An unseen infant is the driving force behind Jane Anderson’s sad, funny, touching and cruel saga of two couples who negotiate the ownership of the ultimate commodity — a life. Rep ensemble the American Renegade Theatre Co. has mounted a powerful production, thanks to a talented cast under the insightful guidance of director Jessica Kubzansky.
Kubzansky keeps precisely the right balance of intensity among the ensemble, while always highlighting the center of the action.
The two women, poverty-stricken but ever-pregnant Wanda (Tammy Kaitz) and wealthy but barren Rachel (Janet Wood), dominate the first act.
In Wanda’s pitiful Louisiana trailer park home during the last months of her pregnancy, the two women struggle to bridge their cultural differences to achieve their goal: Wanda, already the mother of four, cannot afford to keep another child, and Rachel must buy her way into motherhood.
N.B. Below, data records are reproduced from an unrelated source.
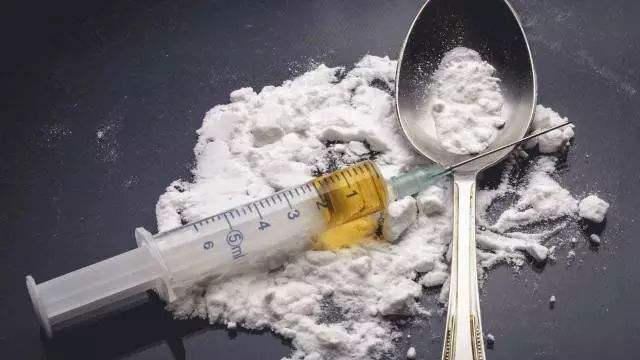吸海洛因多少次會上癮？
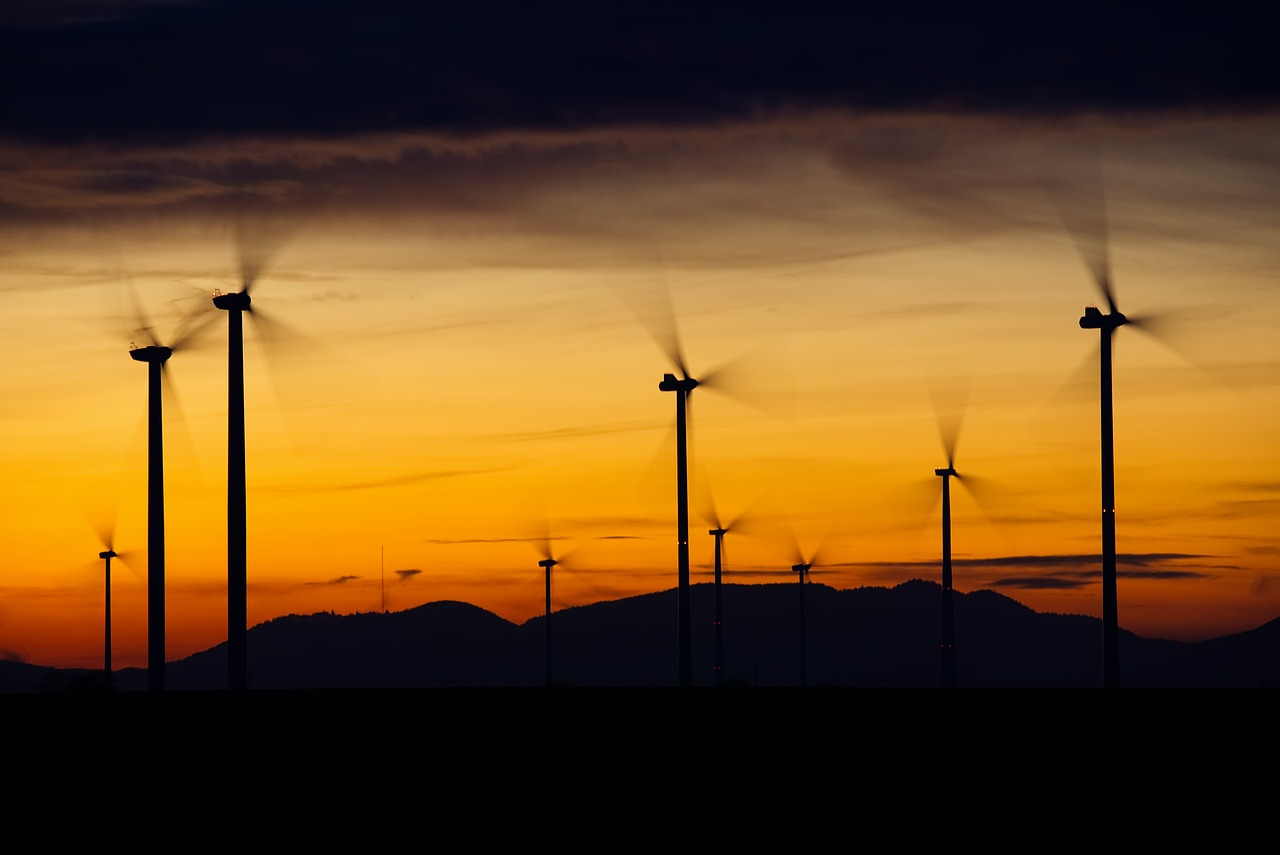 Turbines eòliques. Pixabay Turbines eòliques. Pixabay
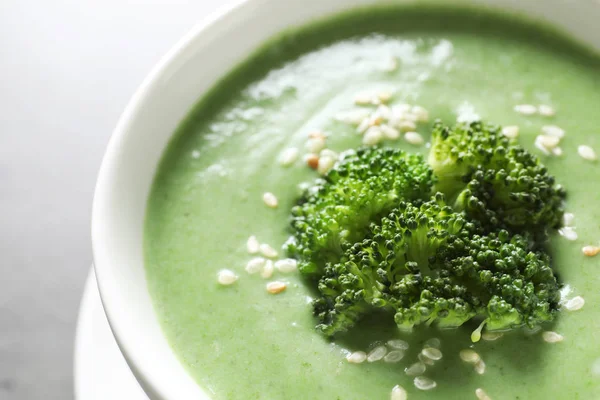 Soupe Désintoxication Légumes Frais Faite Brocoli Dans Plat Sur Table — Photo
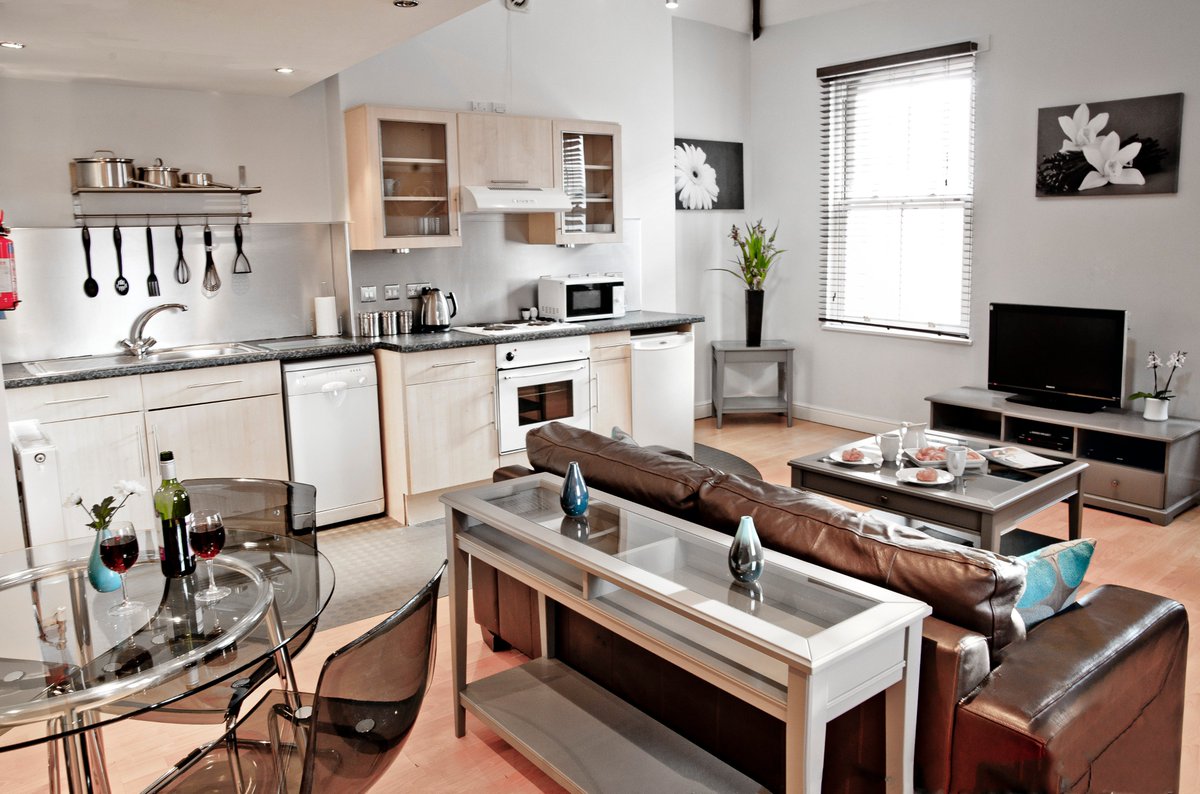 CityQuarters's tweet photo. Some new pictures of our Shaftesbury house apartments!
#stationstreet #apartment #Birmingham #kitchens #bedrooms https://t.co/TCDELw38PZ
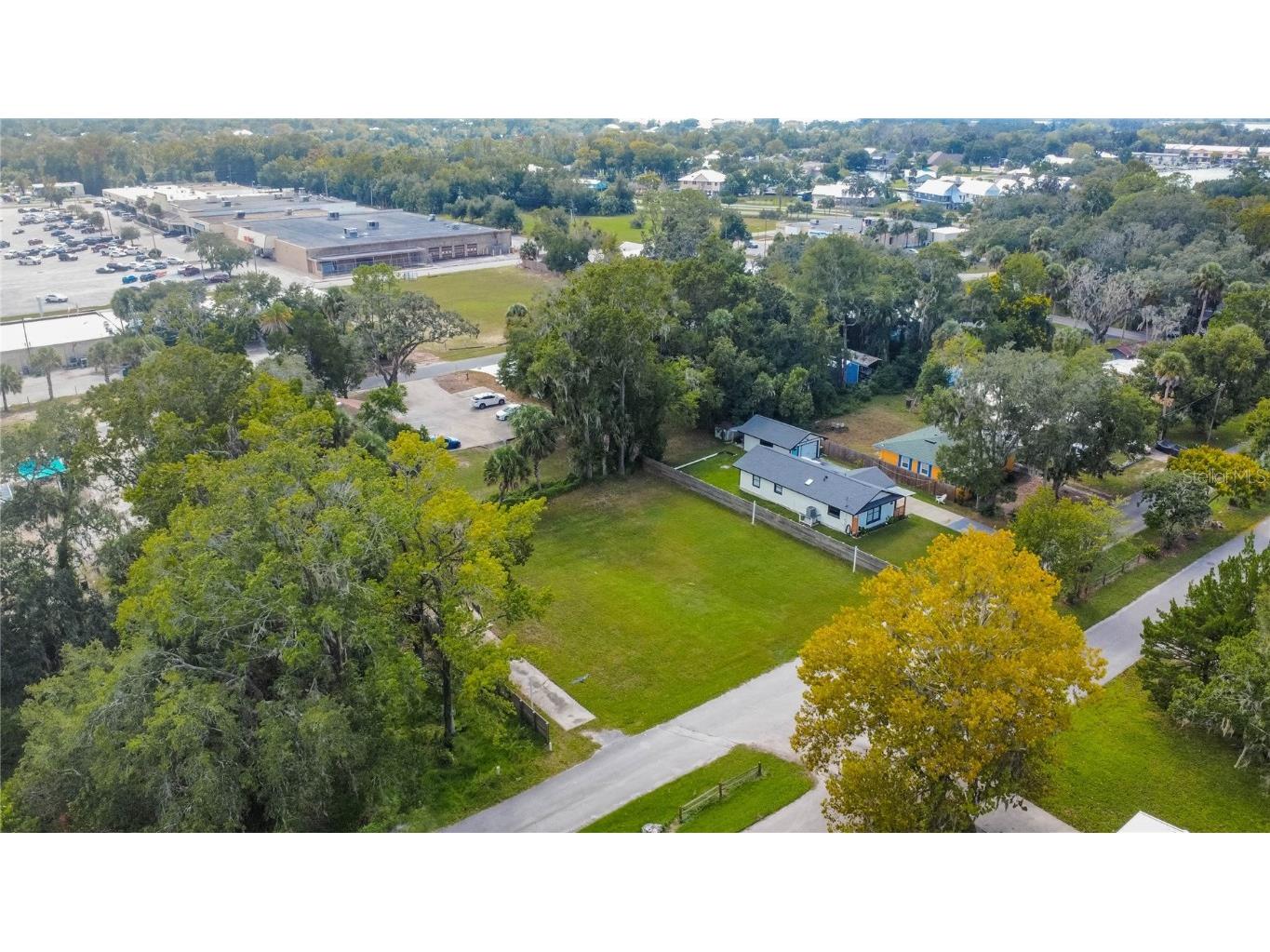 464 NE 2nd Street Crystal River FL 34429 W7857882 image5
Kaitz is a marvelously complex Wanda who, though intimidated by the wealthy Rachel and dominated by her own volatile husband, still exudes a deep-rooted sense of stability and integrity.
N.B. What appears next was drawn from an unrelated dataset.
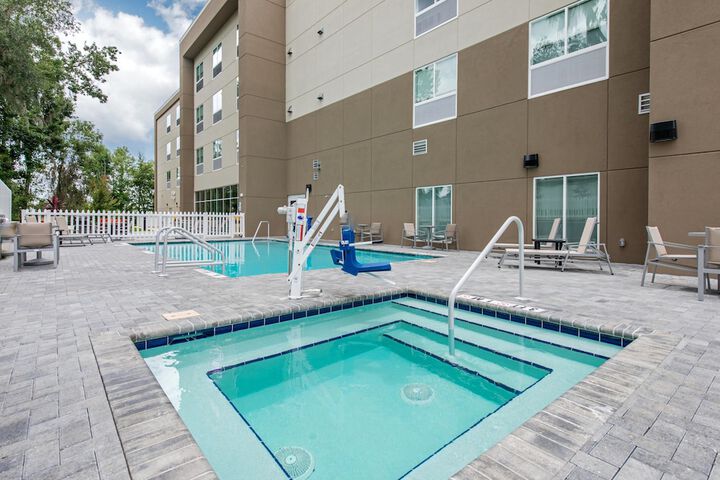 Pool 42 of 87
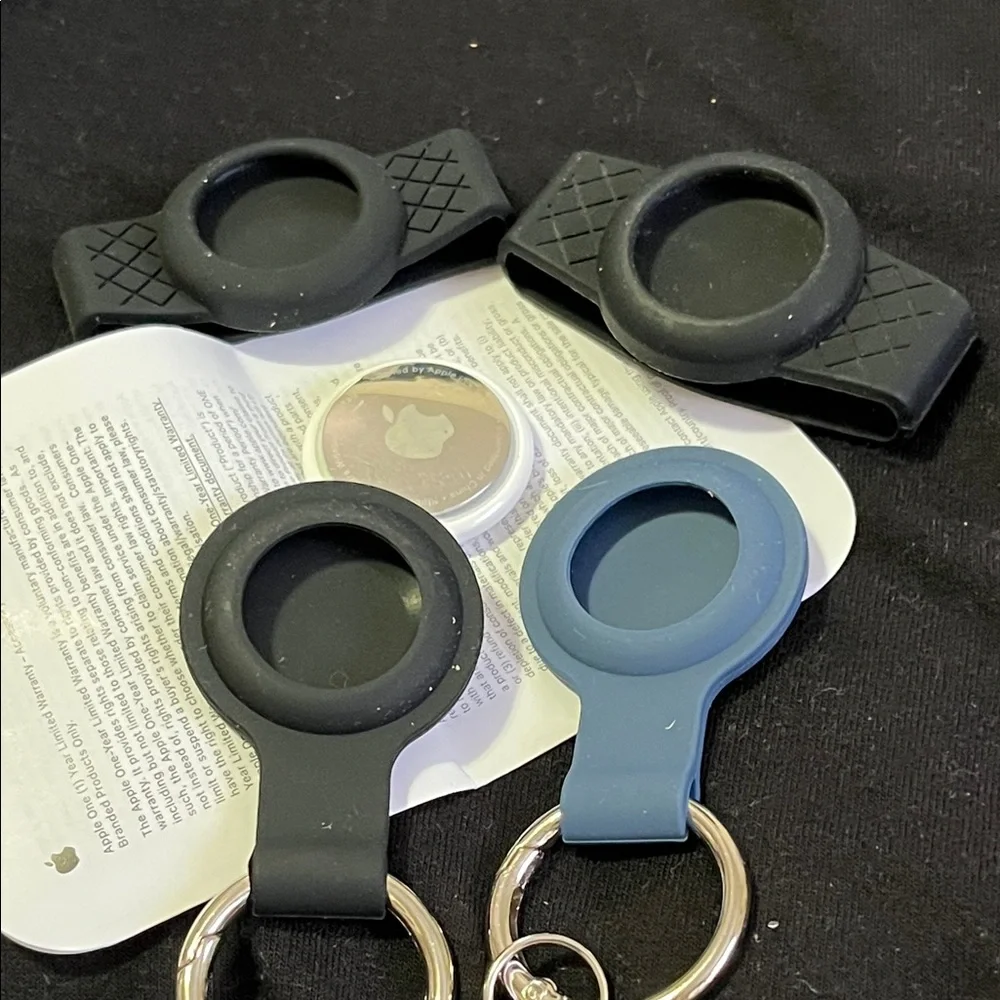 Black and Blue Silicone Keychain Holder for AirTag with Air Tag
Wood’s Rachel is a perfect counterbalance. She wears Rachel’s new-age sophistication like fragile armor that eventually crumbles under the weight of events that befall her.
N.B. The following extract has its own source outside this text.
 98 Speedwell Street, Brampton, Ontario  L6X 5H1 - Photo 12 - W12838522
The second act, set in Wanda’s stark and antiseptic hospital room on the day of delivery, belongs to the men. Neither Wanda’s redneck husband Al (Paul Gunning) nor Rachel’s yuppie spouse Richard (Noel Webb) have any control over what should be the most important moment in a man’s life, so they rage at one another over contractual details. Refereeing is Richard’s baby-broker attorney Ron (Kevin James O’Neill).
Gunning’s Al is an intensely sexual, lowlife charmer with a laser-like concentration, whether he’s appreciating Rachel’s bosom or scrutinizing the fine points of a contract.
Webb is dead-on as the frustrated, middle-class parent-to-be who is driven to keep trying to negotiate for the perfect baby. O’Neill is properly congenial and bloodless as attorney Ron.
Webb performs double duty as composer and violinist. His recorded incidental music offers a haunting underscoring to the play.
High marks also go to the economic but effective set and lighting designs by Brandi Jones and Patrick Welborn, respectively.